Smart City: last train to a sustainable future
“The urban development of the planet will have concluded by the end our children’s lifetime, and will last forever. We will only have one chance to get things right, and we cannot afford to make the same mistakes we made in the 20th century”. This was Anthony Townsend’s statement in the opening speech of the first Smart City Expo World Congress back in 2011. Townsend is the research director at the Institute for the Future in San Francisco (USA), and he was underlining the fact that humanity is facing a crucial period of its history.
Mobiliy, the biggest problem
According to the United Nations, in 2050 70% of the global population will be living in cities. This means that our future will be predominantly urban, and that the outcome of the battle for sustainability will depend on the cities we build today. The first two editions of Smart City Expo World Congress showed that there are many different approaches to the idea of a Smart City, and that every urban area has unique features that call for customised solutions. Even so, there are a number of common problems that affect the whole world. Among these, the most universal is probably that of mobility.
Urban transportation (and the conditions in which it operates) has a direct impact on the quality of life of city dwellers. not only is it responsible for producing the most widely spread cancerous agent in the world but it also consumes enormous amounts of energy, generates greenhouse gases and forces citizens to spend interminable hours commuting , which is a drain on productivity and a waste of valuable leisure and rest time.
The solution is an integrated model that can handle different transport systems (private vehicles, public transport, trains and bicycles) to transform mobility within cities. One of the most significant presentations in Smart City Expo World Congress 2013 is that given by Kent Larson, who leads the urban research group Changing Places for MIT (Massachusetts Institute of Technology). His group has been working in the development of new vehicles that are better adapted to the urban environment, such as the CityCar, a folding electric vehicle designed for use in large cities and in car sharing. The project will be tested in the real world in Germany next year.
The future of transport is not just a question of new vehicles. The train and its many variations – trams and underground railways – must also play a part in urban and metropolitan transport systems.
BcnRail, the rebirth of an urban railway
The concerns of Public Authorities for more sustainable forms of transport have favoured the rebirth of many different forms of rail transport, but especially those of trams and light railways, whose expansion is seen as an alternative to new underground lines, due to their much greater costs.
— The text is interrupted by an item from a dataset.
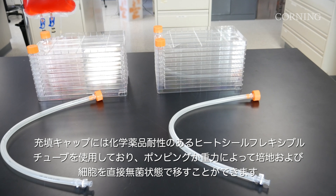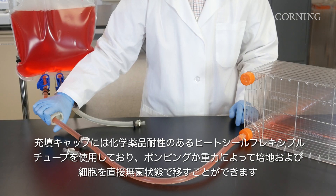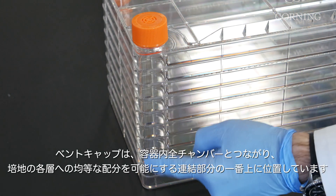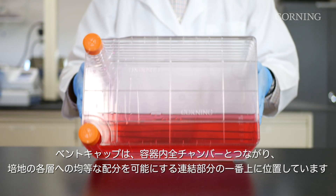Filling caps are available with chemically resistant, heat-sealable flexible tubing to allow direct sterile transfer of media and cells via pumping or gravity. The vented caps sit on a manifold that allows access to all chambers of the vessel where media equilibration occurs.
France set an example after the petrol crisis of 1973, when it ordered the construction of new tram systems in cities such as Nantes (1985), Strasbourg (1994), Nice (2007) and Toulouse (2010).
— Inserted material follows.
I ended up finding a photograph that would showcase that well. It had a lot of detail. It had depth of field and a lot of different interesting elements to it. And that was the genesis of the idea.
The success of these projects led to many European cities deciding on trams as the solution to their problems. Successive Spanish governments, at state, autonomous and local levels, have all settled on this mode of transport. The rails and overhead lines have become familiar features of cities such as Barcelona, La Coruña, Seville and Zaragoza. According to the experts, a tram can carry 220 passengers, which means taking two articulated buses or 174 cars off the street. With this in mind, the 2013 edition of this railway fair, BcnRail, seeks to provide a boost for railway transport and intermodality as essential ingredients in achieving the dual targets of financial and environmental sustainability that mobility must achieve in the 21st century.